**EXERCISE INSTRUCTIONS:**
Your output should repeat each record below with no differences.

Data items
· · · ·

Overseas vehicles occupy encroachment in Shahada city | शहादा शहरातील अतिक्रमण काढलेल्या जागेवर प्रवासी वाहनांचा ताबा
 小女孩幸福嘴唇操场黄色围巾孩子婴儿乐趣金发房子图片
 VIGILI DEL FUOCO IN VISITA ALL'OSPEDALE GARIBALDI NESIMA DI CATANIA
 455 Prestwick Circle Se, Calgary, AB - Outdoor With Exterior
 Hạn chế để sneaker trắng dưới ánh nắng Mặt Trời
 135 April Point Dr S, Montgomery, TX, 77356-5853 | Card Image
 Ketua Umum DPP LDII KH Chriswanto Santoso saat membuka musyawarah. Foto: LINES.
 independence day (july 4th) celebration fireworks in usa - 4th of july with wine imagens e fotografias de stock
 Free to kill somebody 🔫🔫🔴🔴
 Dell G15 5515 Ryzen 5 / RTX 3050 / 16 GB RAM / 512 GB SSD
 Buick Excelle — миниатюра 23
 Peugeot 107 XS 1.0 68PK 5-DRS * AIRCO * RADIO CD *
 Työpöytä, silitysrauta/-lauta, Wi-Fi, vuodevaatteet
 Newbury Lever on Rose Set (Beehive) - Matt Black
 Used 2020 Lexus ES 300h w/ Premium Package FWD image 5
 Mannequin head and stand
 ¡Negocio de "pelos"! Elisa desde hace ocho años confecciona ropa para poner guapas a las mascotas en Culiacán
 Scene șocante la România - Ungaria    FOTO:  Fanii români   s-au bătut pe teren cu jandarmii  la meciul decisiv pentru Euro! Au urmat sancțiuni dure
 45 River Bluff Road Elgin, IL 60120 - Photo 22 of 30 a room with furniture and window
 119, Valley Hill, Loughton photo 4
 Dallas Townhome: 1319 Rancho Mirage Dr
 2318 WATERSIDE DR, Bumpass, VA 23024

· · · ·

**REPLY:**
Overseas vehicles occupy encroachment in Shahada city | शहादा शहरातील अतिक्रमण काढलेल्या जागेवर प्रवासी वाहनांचा ताबा
 小女孩幸福嘴唇操场黄色围巾孩子婴儿乐趣金发房子图片
 VIGILI DEL FUOCO IN VISITA ALL'OSPEDALE GARIBALDI NESIMA DI CATANIA
 455 Prestwick Circle Se, Calgary, AB - Outdoor With Exterior
 Hạn chế để sneaker trắng dưới ánh nắng Mặt Trời
 135 April Point Dr S, Montgomery, TX, 77356-5853 | Card Image
 Ketua Umum DPP LDII KH Chriswanto Santoso saat membuka musyawarah. Foto: LINES.
 independence day (july 4th) celebration fireworks in usa - 4th of july with wine imagens e fotografias de stock
 Free to kill somebody 🔫🔫🔴🔴
 Dell G15 5515 Ryzen 5 / RTX 3050 / 16 GB RAM / 512 GB SSD
 Buick Excelle — миниатюра 23
 Peugeot 107 XS 1.0 68PK 5-DRS * AIRCO * RADIO CD *
 Työpöytä, silitysrauta/-lauta, Wi-Fi, vuodevaatteet
 Newbury Lever on Rose Set (Beehive) - Matt Black
 Used 2020 Lexus ES 300h w/ Premium Package FWD image 5
 Mannequin head and stand
 ¡Negocio de "pelos"! Elisa desde hace ocho años confecciona ropa para poner guapas a las mascotas en Culiacán
 Scene șocante la România - Ungaria    FOTO:  Fanii români   s-au bătut pe teren cu jandarmii  la meciul decisiv pentru Euro! Au urmat sancțiuni dure
 45 River Bluff Road Elgin, IL 60120 - Photo 22 of 30 a room with furniture and window
 119, Valley Hill, Loughton photo 4
 Dallas Townhome: 1319 Rancho Mirage Dr
 2318 WATERSIDE DR, Bumpass, VA 23024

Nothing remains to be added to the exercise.